La potenza è nulla senza il controllo, recitava una famosa pubblicità di Pirelli molti anni fa. Applicando il concetto al settore hardware, possiamo parafrasare il tutto in “la potenza dell’hardware è nulla senza il software”.
Lo sanno bene tutte le principali aziende del mondo, e fra queste troviamo Samsung, che ha annunciato alcune innovazioni software per i suoi potenti SSD PCI Express 4.0 destinati al settore datacenter, PM1733 e PM1735, in produzione dal mese scorso.
La prima innovazione si chiama FIP, acronimo che sta per fail in place, e che secondo Samsung “assicura un SSD che non muore mai”. Cosa significa? FIP fa sì che gli SSD mantengano un’operatività normale anche quando si verificano errori a livello di chip.
Finora un problema in un solo chip NAND delle centinaia che compongono un SSD server significava che bisognava sostituire l’intero SSD, portando a un periodo di inattività del sistema e ulteriori costi di sostituzione del prodotto. Il software FIP integrato nei nuovi SSD può rilevare un chip “fallato”, fa la scansione alla ricerca di qualsiasi tipo di danno nei dati e poi sposta le informazioni sui chip funzionanti.
Ad esempio, se un problema viene identificato in uno dei 512 chip NAND presenti all’interno di un SSD da 30,72 TB, il software FIP attiverà automaticamente algoritmi per la gestione dell’errore al livello dei chip, mantenendo le prestazioni dell’unità alte e stabili.
La seconda tecnologia che Samsung implementa sui nuovi prodotti è la virtualizzazione, che permette a più utenti di avere spazi di lavoro virtuali indipendenti.
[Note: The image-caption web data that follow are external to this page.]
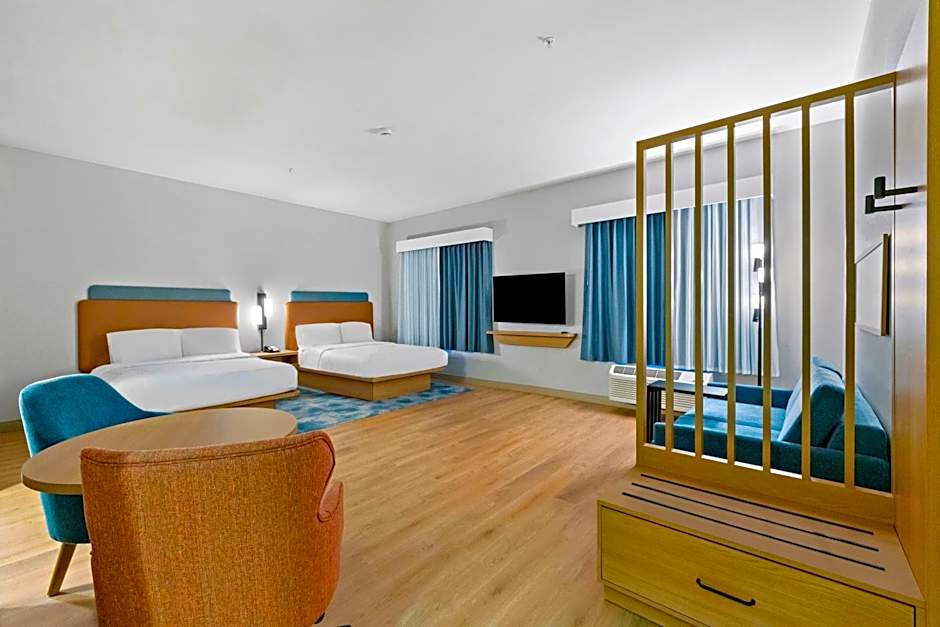 Hampton Inn By Hilton And Suites Lancaster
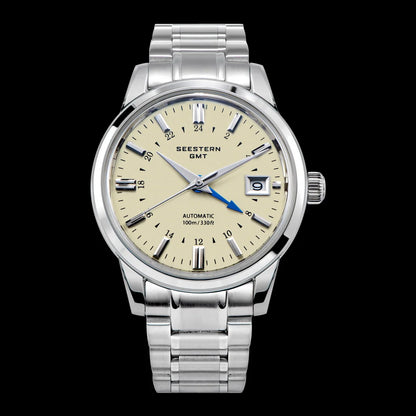 Seestern Heritage GMT – Automatic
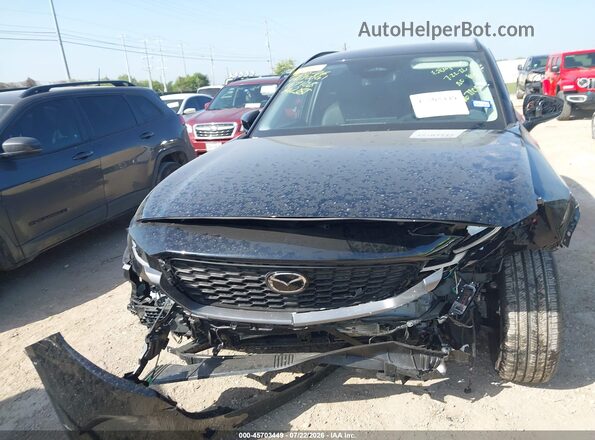 JM3KMCHA9T0167108 2026 MAZDA CX-5 Black Vista del cuadro de instrumentos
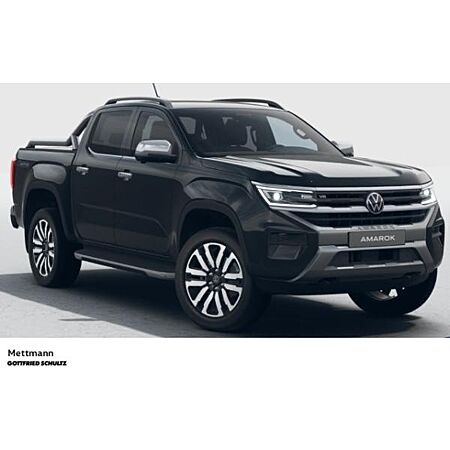 VW Amarok leasen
Un singolo SSD può essere suddiviso in un massimo di 64 piccoli SSD, fornendo così spazi di lavoro virtuali e indipendenti a più utenti.
I fornitori di archiviazione sul cloud possono così estendere i loro servizi a più utenti con la stessa quantità di risorse. La tecnologia consente agli SSD di prendersi carico anche di alcune operazioni virtualizzate solitamente gestite dalle CPU server, come Single-Root I/O Virtualization (SR-IOV), richiedendo così meno CPU e SSD.
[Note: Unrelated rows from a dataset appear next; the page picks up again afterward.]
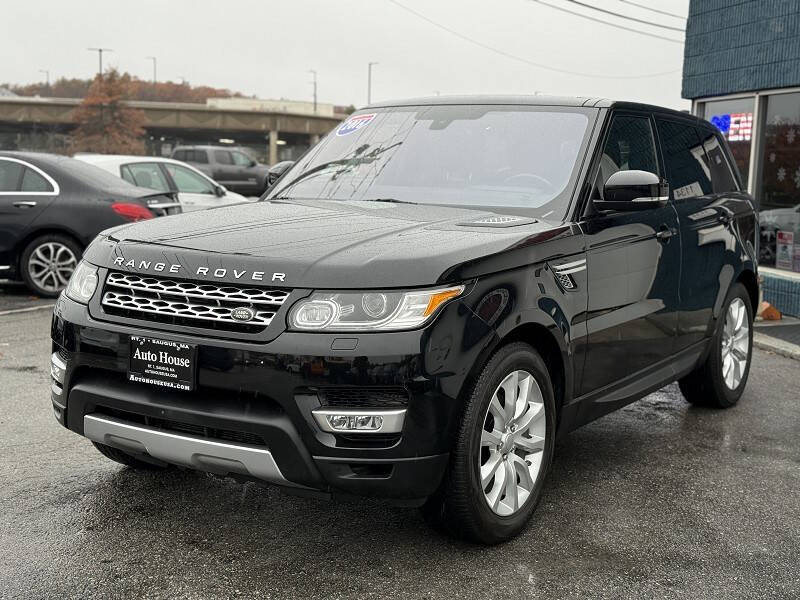 2016 Land Rover Range Rover Sport HSE Td6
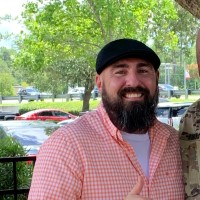 Amentum Employee Daniel Hankins's profile photo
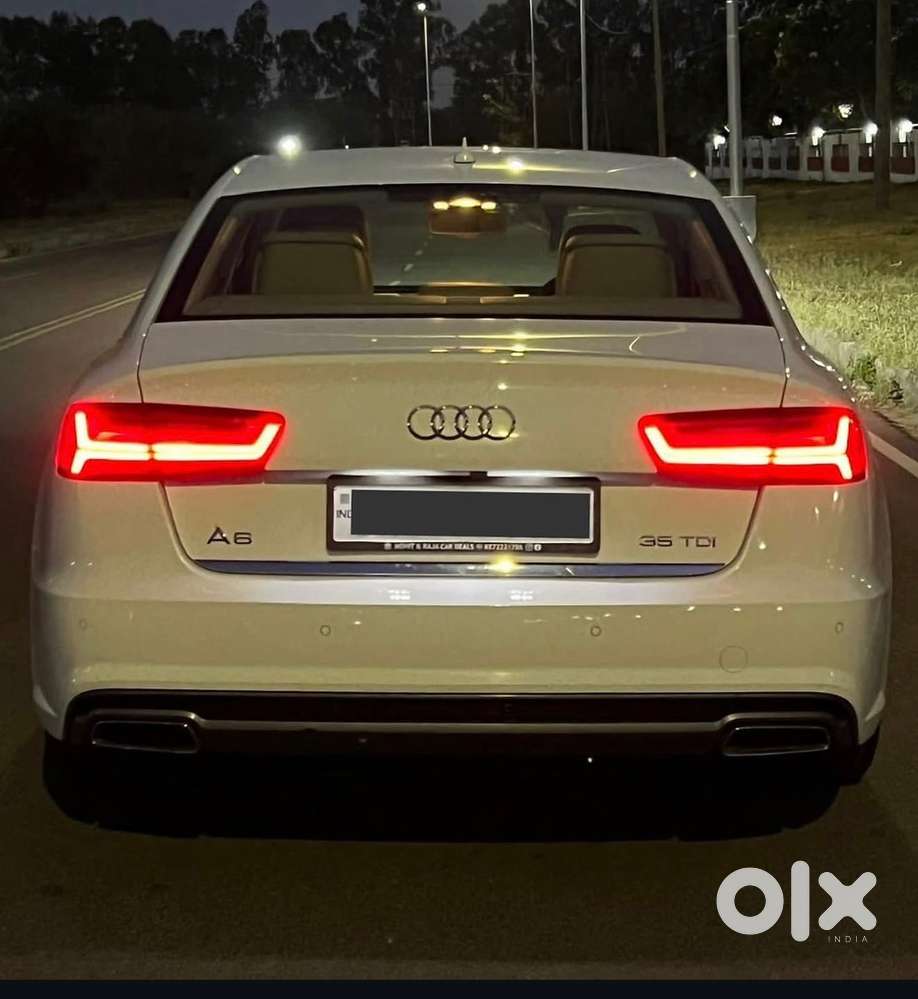 Audi A6 Diesel 65000 Km Driven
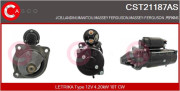 CST21187AS CASCO żtartér CST21187AS CASCO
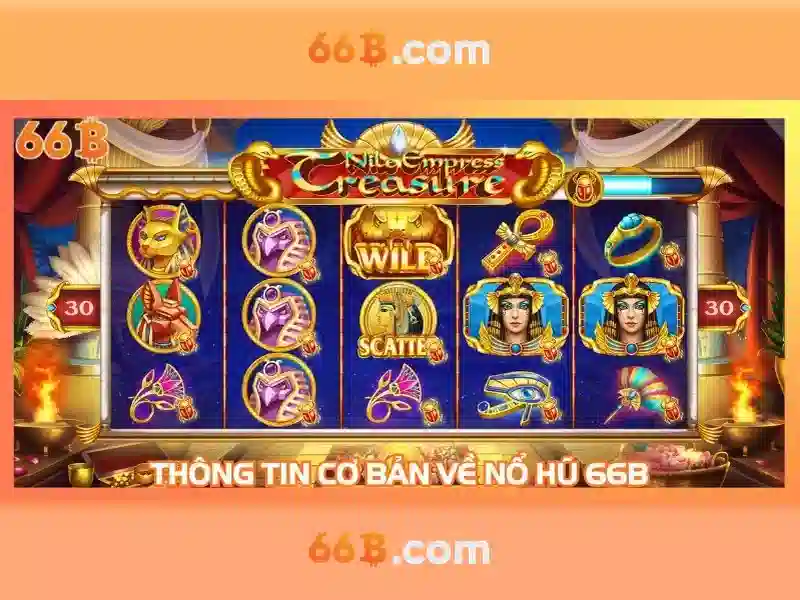  Slot trực tuyến - 66B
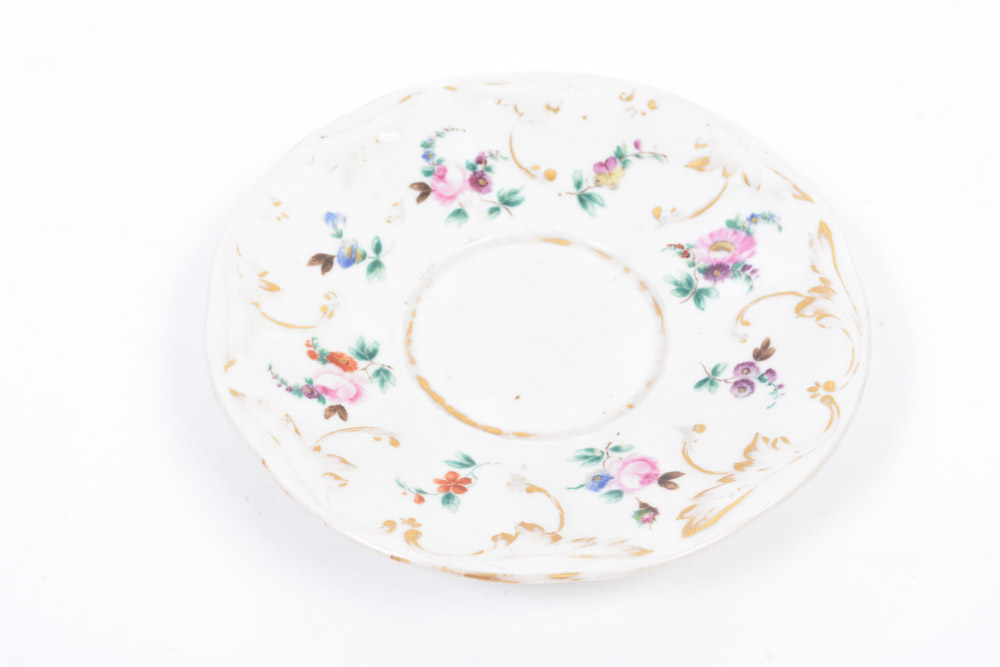 Antique Russian St. Petersburg China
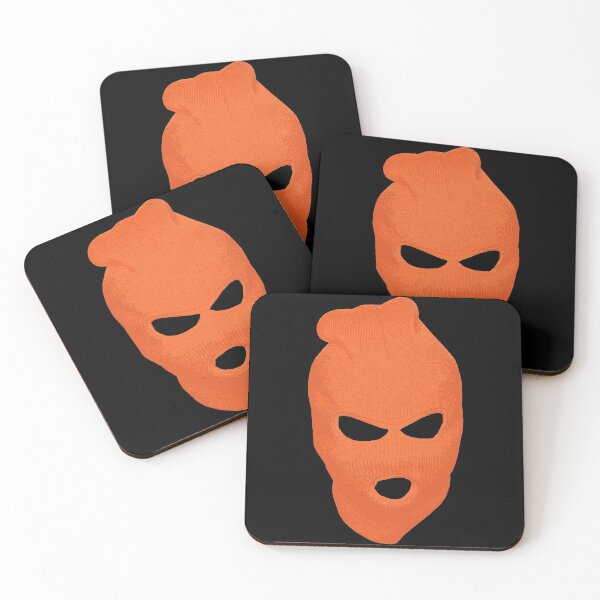 Item preview, BLANK FACE ORANGE designed and sold by CharlieCreator.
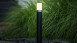 planeo éclairage de jardin 12V - LED éclairage du stand Barite 60cm - 3W 190Lumen
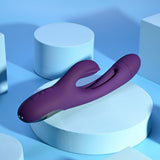 Buy Playboy Pleasure THE THRILL - Purple 24.4 cm USB Rechargeable Rabbit Vibrator at NZ’s Mega Adult Toys Store. Discover premium sex toys with discreet shipping at the best price in NZ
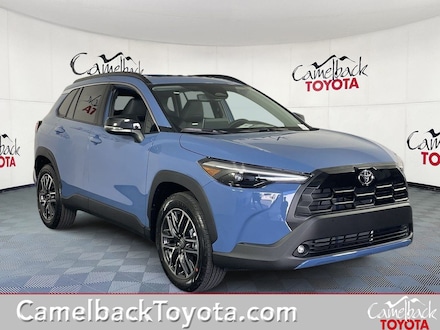 2026 Toyota Corolla Cross XLE SUV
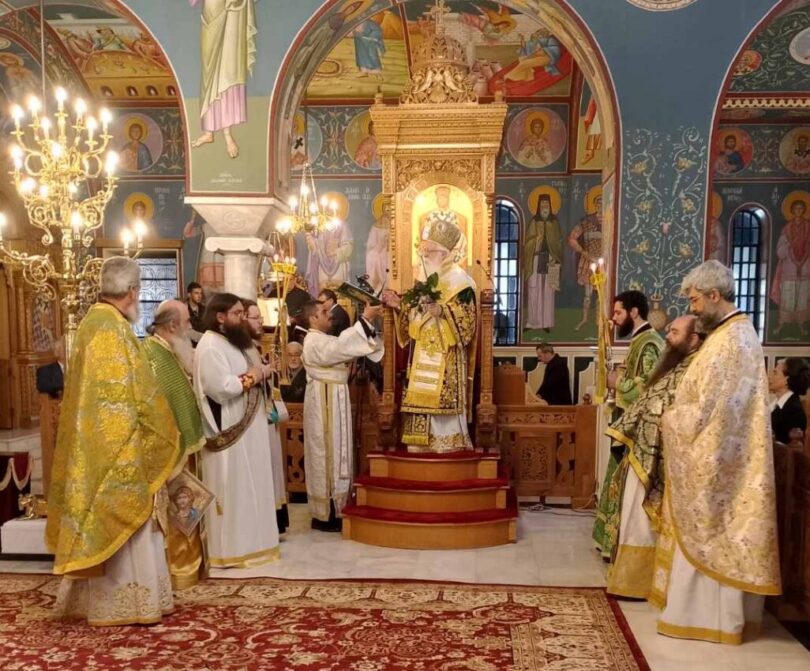 Μητροπολίτης Δημητριάδος: Κάποιοι θέλουν την Εκκλησία να είναι φορέας εξουσίας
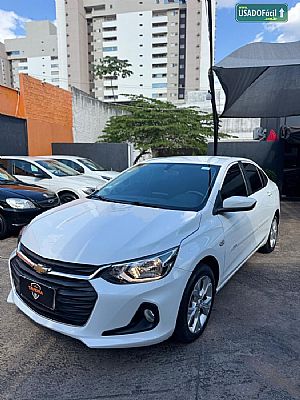 CHEVROLET/GM Onix Sedan Plus LTZ 1.0 Turbo Automático Flex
Il terzo elemento con cui Samsung spera di attrarre più clienti verso i nuovi SSD si chiama “V-NAND machine learning technology” e usa i big data per verificare in modo accurato la validità di un dato quando si lavora a velocità molto elevate.
La tecnologia aiuta a predire e verificare in modo preciso le caratteristiche delle celle, oltre a rilevare qualsiasi variazione tra i modelli dei circuiti grazie all’analisi dei dati. Questo, secondo l’azienda sudcoreana, assicura un’affidabilità superiore dei dati, laddove le sempre maggiori prestazioni degli SSD rappresentano una sfida nel leggere e verificare i dati tramite impulsi di tensione estremamente rapidi.
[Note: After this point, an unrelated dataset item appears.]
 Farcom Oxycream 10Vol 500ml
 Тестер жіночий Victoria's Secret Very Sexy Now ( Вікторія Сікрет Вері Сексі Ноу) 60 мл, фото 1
“Un SSD realizzato con oltre 100 layer di NAND a 4 bit (QLC), che richiede un controllo della cella nettamente più preciso rispetto alla NAND a 3 bit (TLC), è in grado di generare i livelli superiori di prestazioni, capacità e affidabilità necessari in un server e nei sistemi di archiviazione nei datacenter con il software di machine learning”, afferma Samsung.
Le due nuove serie di SSD NVMe di Samsung contano su 19 modelli in due form factor – 2,5 pollici (U.2) e HHHL (scheda) – con capacità che spaziano da 0,8 a 30,72 TB. A seconda del modello la resistenza è di uno o tre drive writes per day (DWPD) su un periodo di 5 anni.
Tra i due formati quello a scheda è il più veloce con prestazioni in lettura e scrittura sequenziale rispettivamente di 8 GB/s e 3,8 GB/s e velocità casuali di 1.450.000 IOPS in lettura e 260.000 IOPS in scrittura. I modelli U2 da 2,5 pollici si fermano a 6400 MB/s per quanto concerne le letture sequenziali.